▶ Your goal:
Give the records below again, word for word. No pictures belong in the copy.

▶ Brief descriptive captions:
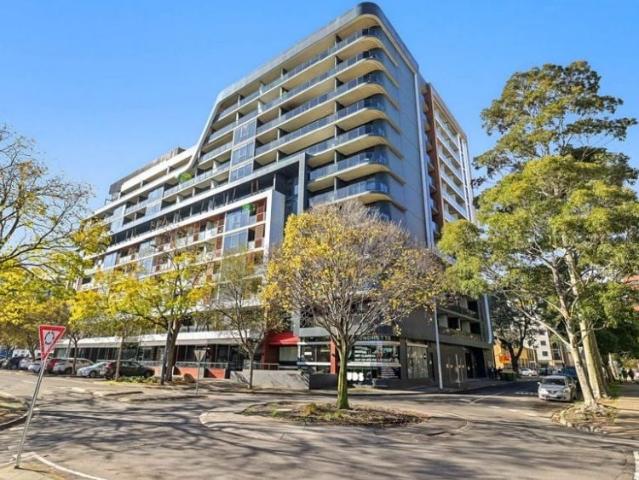 Sensational Society in the Heart of South Yarra FULLY FURNISHED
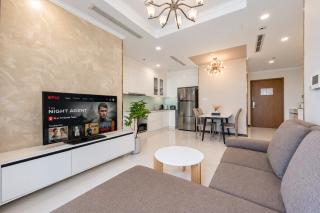 Beautiful High Floor 2BR at Landmark Plus with Daily Fresh Towels and Netflix TV - 8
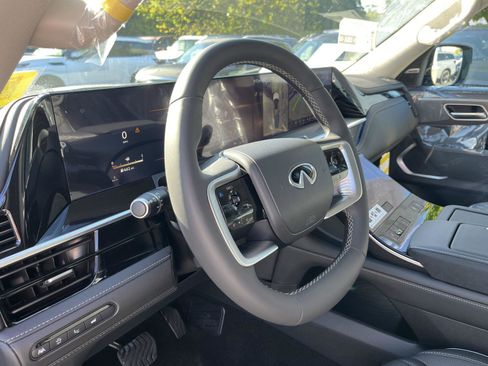 New 2026 INFINITI QX80 Luxe w/ Cargo Package image 11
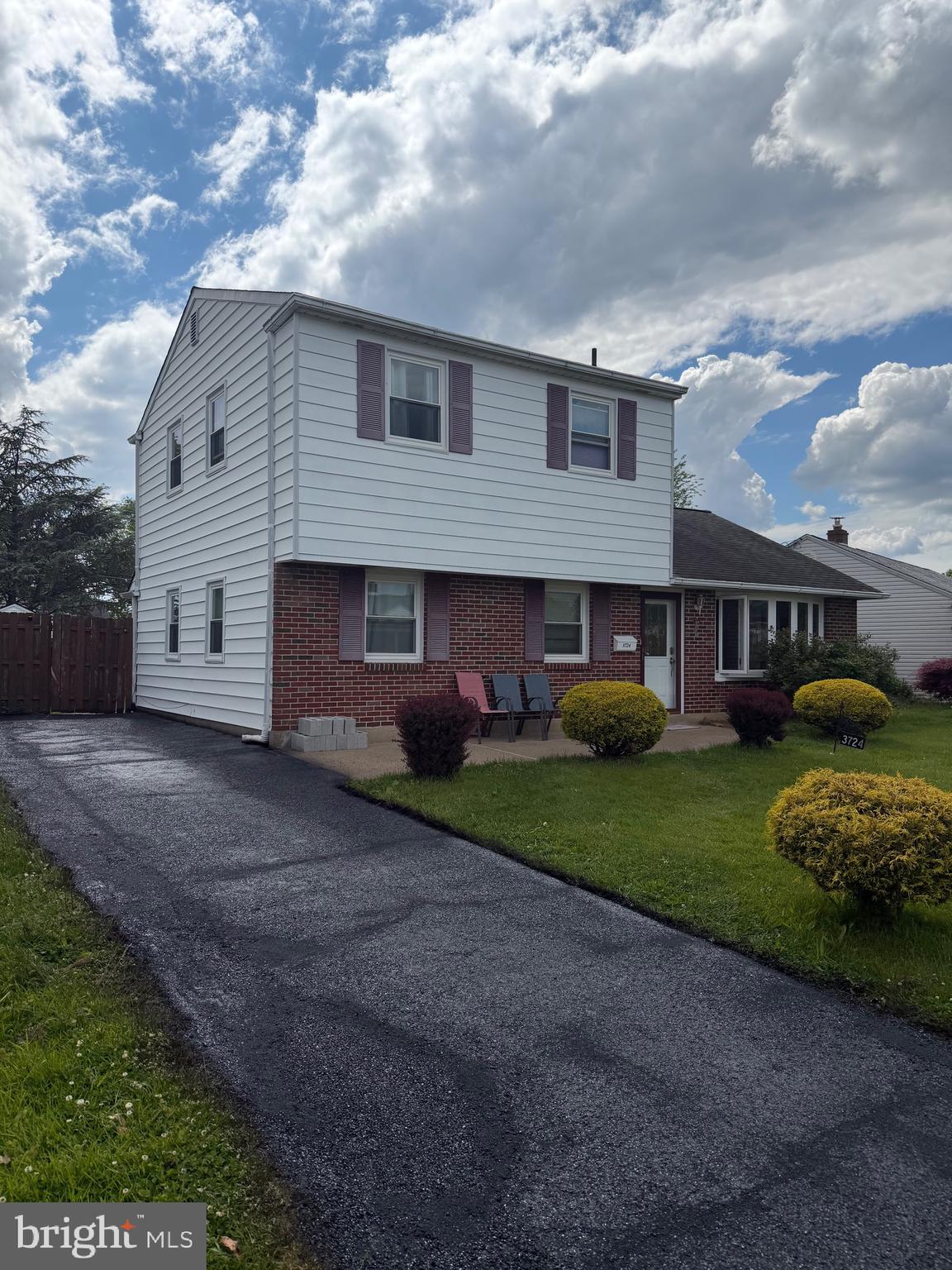 3724 DEVONSHIRE PLACE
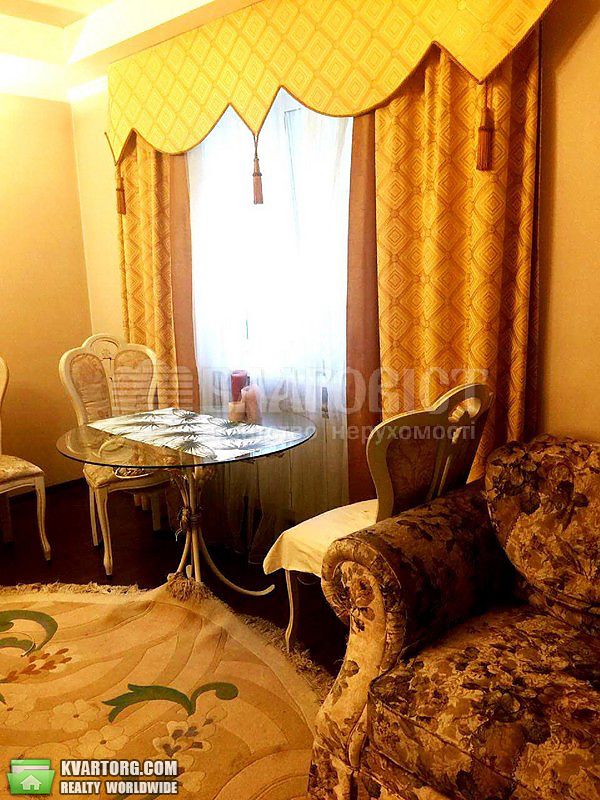 Sell 2-room apartment. Киев,  Богдана Хмельницкого — photo 2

▶ Written solution:
 Sensational Society in the Heart of South Yarra FULLY FURNISHED
 Beautiful High Floor 2BR at Landmark Plus with Daily Fresh Towels and Netflix TV - 8
 New 2026 INFINITI QX80 Luxe w/ Cargo Package image 11
 3724 DEVONSHIRE PLACE
 Sell 2-room apartment. Киев,  Богдана Хмельницкого — photo 2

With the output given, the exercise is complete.